Locke’s Interpretations :
Locke’s theory of property is itself subject to slightly different interpretations. One interpretation is that society rewards labor with property purely on the instrumental grounds that we must provide rewards to get labor. In contrast, a normative interpretation of this labor theory says that labor should be rewarded. 
LOCKE’S THEORY OF LABOR
The second of the four approaches that currently dominate the theoretical literature springs from the propositions that a person who labors upon resources that are either unowned or “held in common” has a natural property right to the fruits of his or her efforts – and that the state has a duty to respect and enforce that natural right. These ideas, originating in the writings of John Locke, are widely thought to be especially applicable to the field of intellectual property, where the pertinent raw materials (facts and concepts) do seem in some sense to be “held in common” and where labor seems to contribute so importantly to the value of finished products. 

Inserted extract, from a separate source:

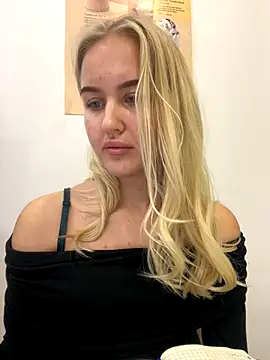 CandyVice online show from December 14, 8:03 pm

A good example of this perspective is Robert Nozick’s brief but influential discussion of patent law in Anarchy, State, and Utopia.  After associating himself with Locke’s argument, Nozick turns his attention to Locke’s famously ambiguous proviso — the proposition that a person may legitimately acquire property rights by mixing his labor with resources held in common only if, after the acquisition, there is enough and as good left in common for others.  Nozick contends that the correct interpretation of this limitation (correct in the senses (a) that it probably corresponds to Locke’s original intent and (b) that, in any event, it is entailed by an adequate theory of justice) is that the acquisition of property through labor is acceptable if and only, others do not suffer any net harm. Net harm for these purposes includes such injuries as being left poorer than they would have been under a regime that did not permit the acquisition of property through labor or a constriction of the set of resources available for their use — but does not include a diminution in their opportunities to acquire property rights in unowned resources by being the first to labor upon them. Construed in this fashion, the Lockean proviso is not violated, Nozick argues, by the assignment of a patent right to an inventor because, although other persons’ access to the invention is undoubtedly limited by the issuance of the patent, the invention would not have been into existence at all without the efforts of the inventor. In other words the consumers are helped by the grant of the patent. Nozick contends, however, that fidelity to Locke’s theory would mandate two limitations on the inventor’s entitlements. First, person who has invented the same device independently must be permitted to make and sell it. Otherwise the assignment of the patent to the first inventor would leave him unhappy. Second, for the same reason, patents should not last longer than, on average, it would have taken someone else to invent the same device had knowledge of the invention not disabled them from inventing it independently. Although Nozick may not have been aware of it, application of the first of these limitations would require a substantial reform of current patent law, which, unlike the copyright law, does not contain a safe shelter for persons who dream up the same idea on their own.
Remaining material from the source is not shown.